= Records provided =
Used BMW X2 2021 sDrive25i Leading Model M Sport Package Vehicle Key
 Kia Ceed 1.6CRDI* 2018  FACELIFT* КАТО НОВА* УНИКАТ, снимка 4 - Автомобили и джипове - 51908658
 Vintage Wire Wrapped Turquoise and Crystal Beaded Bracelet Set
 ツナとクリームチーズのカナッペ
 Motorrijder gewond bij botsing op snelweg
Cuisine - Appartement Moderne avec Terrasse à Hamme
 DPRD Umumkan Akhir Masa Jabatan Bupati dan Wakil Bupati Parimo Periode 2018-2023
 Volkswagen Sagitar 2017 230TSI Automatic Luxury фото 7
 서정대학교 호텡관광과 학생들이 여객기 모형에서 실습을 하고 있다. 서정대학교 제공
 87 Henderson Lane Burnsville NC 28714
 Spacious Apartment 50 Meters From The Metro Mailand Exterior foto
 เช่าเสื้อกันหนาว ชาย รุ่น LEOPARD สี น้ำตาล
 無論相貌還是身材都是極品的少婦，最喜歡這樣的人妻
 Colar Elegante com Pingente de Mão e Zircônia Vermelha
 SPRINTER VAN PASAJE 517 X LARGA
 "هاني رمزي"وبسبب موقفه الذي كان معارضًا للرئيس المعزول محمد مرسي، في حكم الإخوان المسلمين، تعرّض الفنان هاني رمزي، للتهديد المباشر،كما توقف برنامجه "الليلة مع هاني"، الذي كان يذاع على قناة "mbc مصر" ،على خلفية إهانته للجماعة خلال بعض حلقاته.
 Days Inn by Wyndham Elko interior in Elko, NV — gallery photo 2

= Assignment =
Each line in the entries above, starting at the line with "Motorrijder gewond bij botsing op snelweg" and ending at the line with "Spacious Apartment 50", is to be printed exactly, and only those lines.

= Answer section =
 Motorrijder gewond bij botsing op snelweg
Cuisine - Appartement Moderne avec Terrasse à Hamme
 DPRD Umumkan Akhir Masa Jabatan Bupati dan Wakil Bupati Parimo Periode 2018-2023
 Volkswagen Sagitar 2017 230TSI Automatic Luxury фото 7
 서정대학교 호텡관광과 학생들이 여객기 모형에서 실습을 하고 있다. 서정대학교 제공
 87 Henderson Lane Burnsville NC 28714
 Spacious Apartment 50 Meters From The Metro Mailand Exterior foto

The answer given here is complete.